EARNINGS CALL

2018 Could See A Billion $hades Of Gray

In its earnings call Tuesday, the NBC-heavy group says this time next year it’s likely to be reporting revenue topping $1 billion, aided by Super Bowl, Olympics plus 20% higher retrans.

Gray EVP-CFO James Ryan put it right out there. “While we can’t guarantee the future, we’re currently optimistic that when we get to the end of the year to discuss full year results, we’re going to be talking about a company that had in excess of one billion dollars in revenue in 2018.”

It’ll have to build on 2017’s $822 million to pull that off, but the NBC-heavy group has already banked both a Super Bowl and an Olympics benefit, with a great deal of political yet to come.

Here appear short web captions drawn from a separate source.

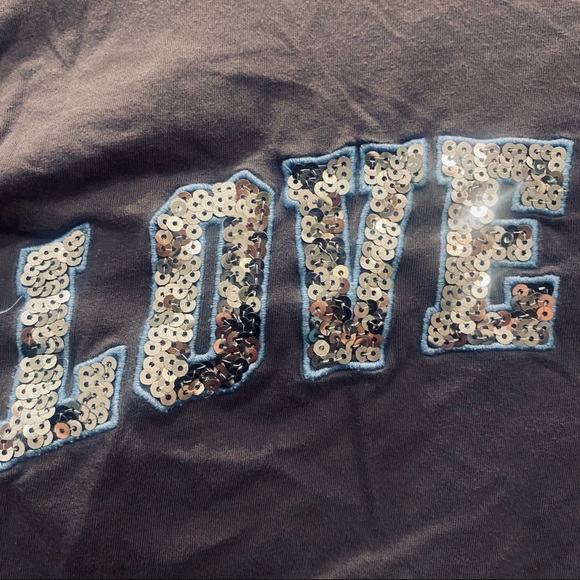 Victoria’s Secret PINK Sequined Crew Neck - Picture 5 of 13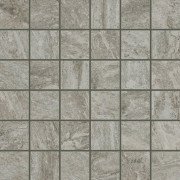 Альпы серый вставка Мозаика 30х30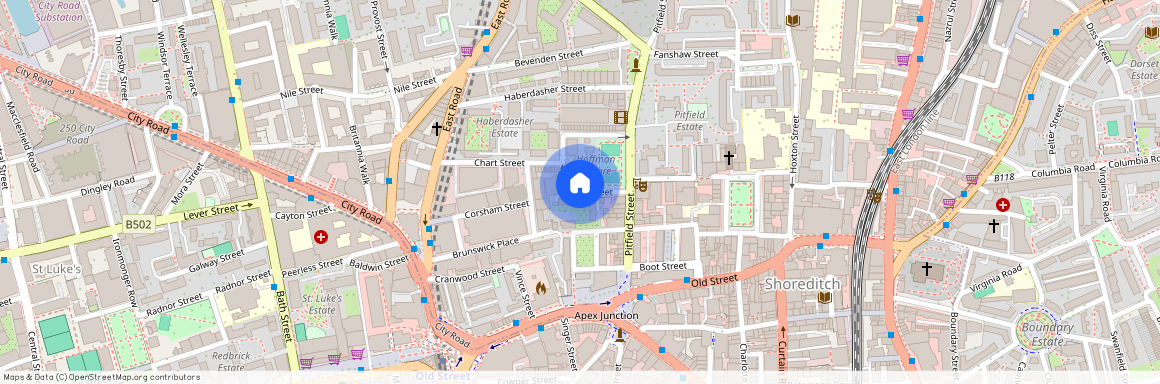 Touchard House, London, N1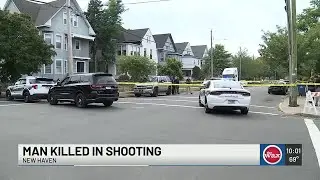 31-year-old man killed in shooting in New Haven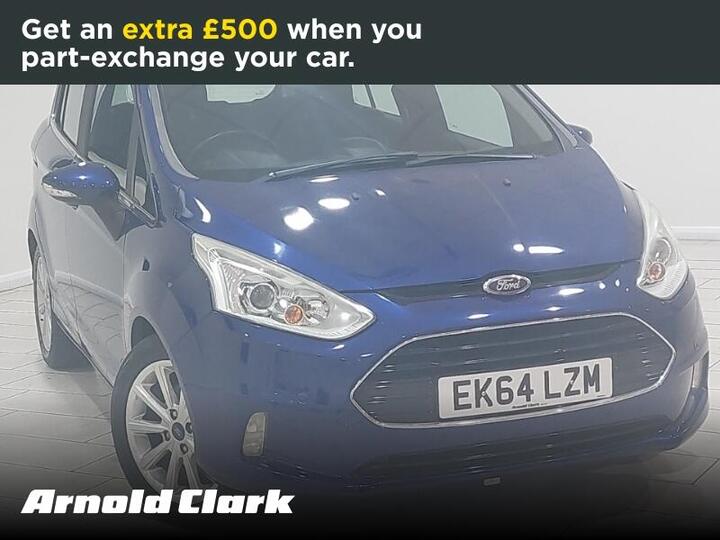 Ford B-Max 1.6 TDCi Titanium Euro 5 5dr
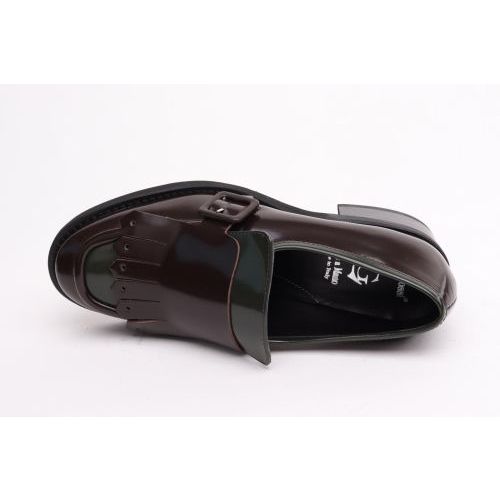 Luca Grossi Mocassins - Loafers Bruin dames (K753 - K753) - Rigi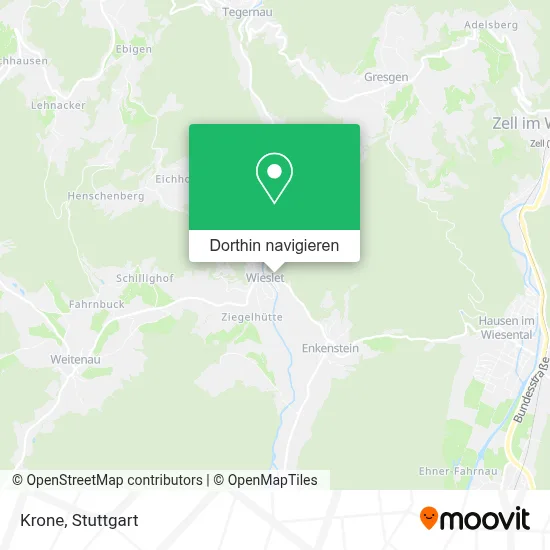 Krone Karte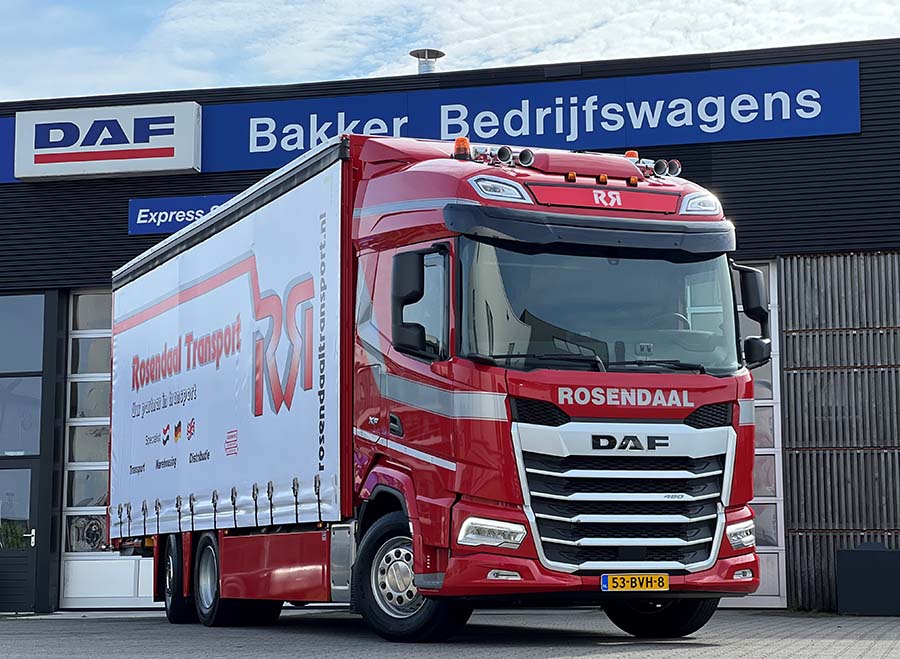 daf xf bakwagen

Retransmission consent income will be a reliable gainer. EVP-Chief Legal and Development Officer Kevin Latek said that more than 350 contracts have recently been completed, with two pending and expected to be completed in the next two weeks. He’s expecting growth in the category for 2018 to exceed 20%.

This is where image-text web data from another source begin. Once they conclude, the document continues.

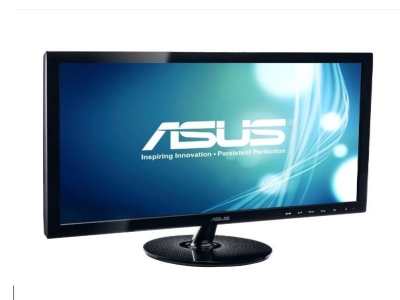 Black ASUS LED Monitor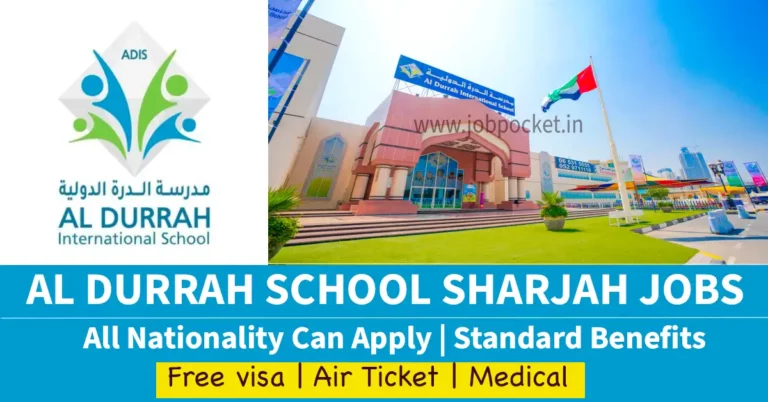 Al Durrah International School Careers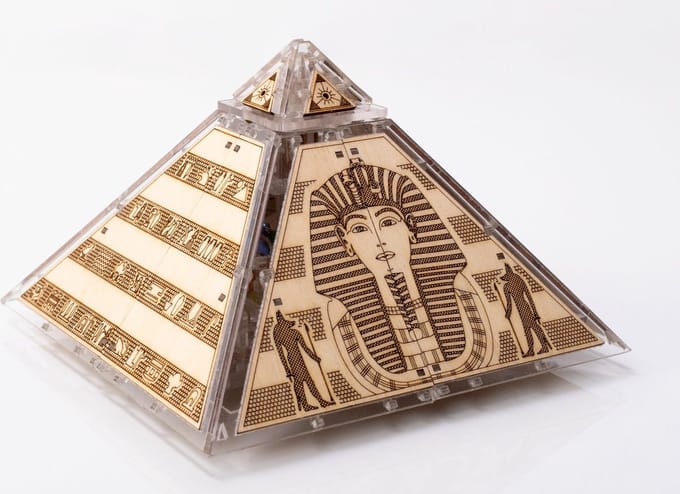 Treasure Box - Secrets of Egypt -  Schatkist - Modelbouw hout Doe Het Zelf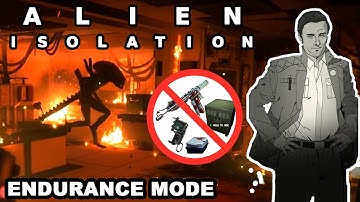 Alien Isolation  Endurance Mode (all objectives) | Ransome (no flamer, no prep, no tracker, no hide)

By the end of the year, retrans is expected to come home at between $340 million and $350 million. The networks will skim their 50% share, with Gray earning a net retrans take of $170 million-$175 million.

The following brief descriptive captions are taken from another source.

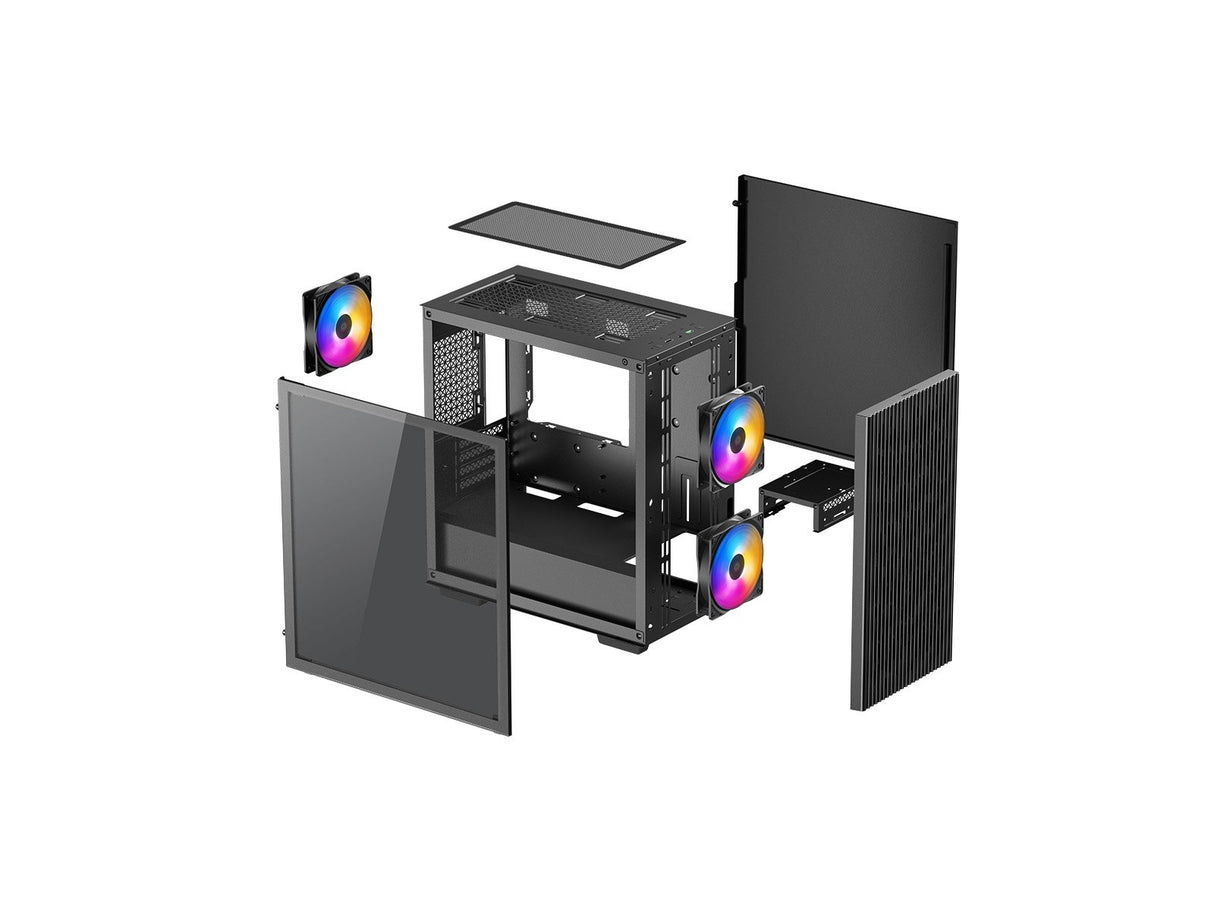 EAN 6933412714569 - DeepCool MATREXX 40 3FS Micro Torre Negro imagen 18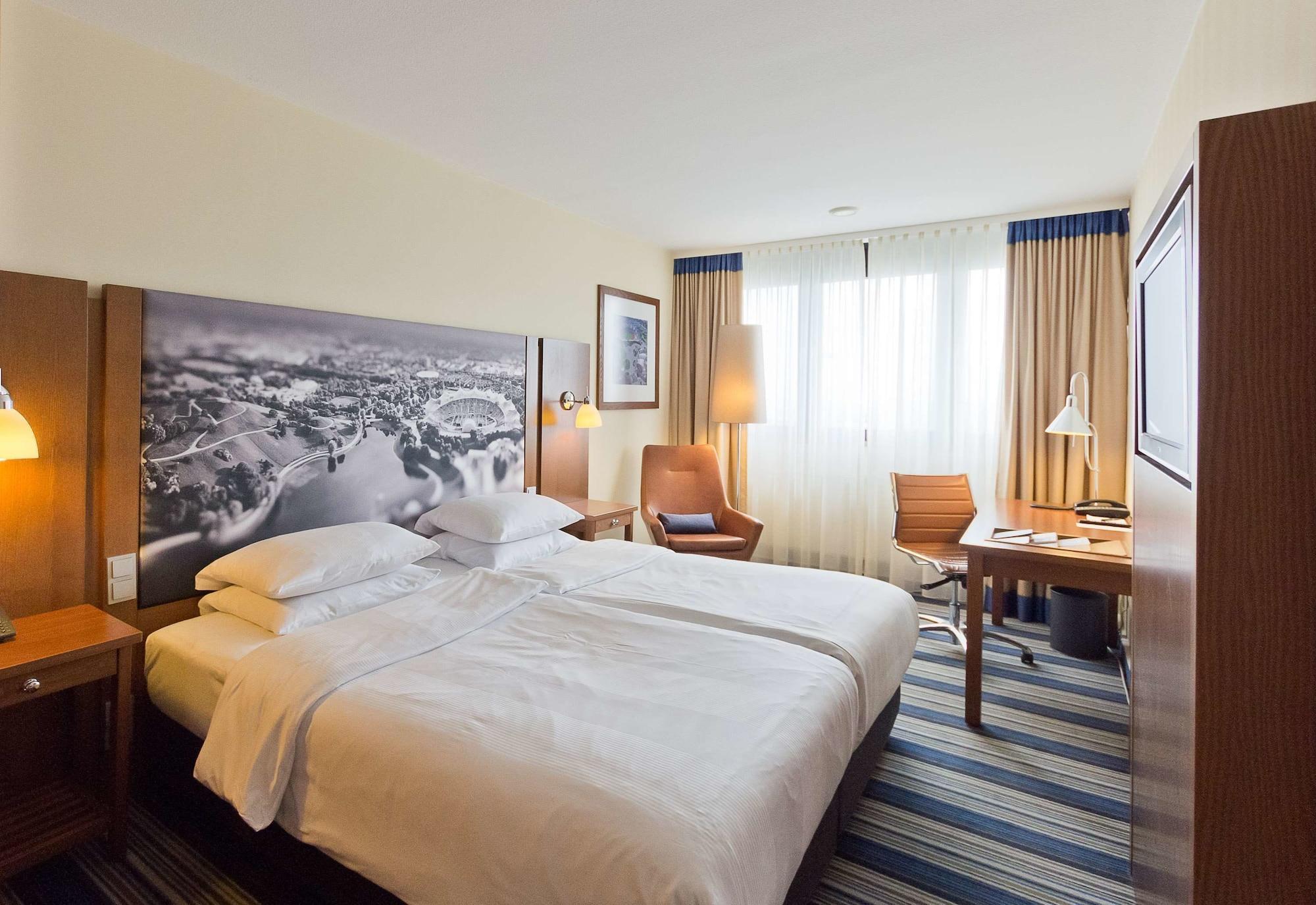 Arthotel Ana Im Olympiapark Мюнхен Экстерьер фото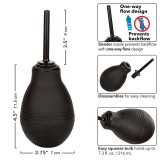 One Way Analdusche Schwarz von Calexotics | Fesselliebe.de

Political in 1Q is expected to hit $5 million-$5.5 million. The company is not providing full-year guidance after getting burned in 2016.

According to Latek, despite the disappointment of 2016, Gray took in $9.63 in political revenue for each TV household in its markets, nearly double that of its closest competitor. It then took advantage of special elections to beat political guidance in 2017, and is expecting big results this year.

BRAND CONNECTIONS

Latek said that 81% of Gray’s markets have a governorship at stake, 65% have a Senate seat and of course, all of them have a battle for the House of Representatives.

The first quarter now in progress is a mixed bag, according to Ryan. The Super Bowl’s passage from Fox to NBC was a major benefit, with revenue up $1.7 million to $2.3 million. The Olympics figure to bring in $5.5 million-$5.8 million, with about $1.7 million in the automotive category.

The Olympics did have its downsides. The time zone difference dampened overall Olympic performance and while Gray’s NBC affiliates were racking up their gains, the other stations were in the process of losing $3 million in revenue.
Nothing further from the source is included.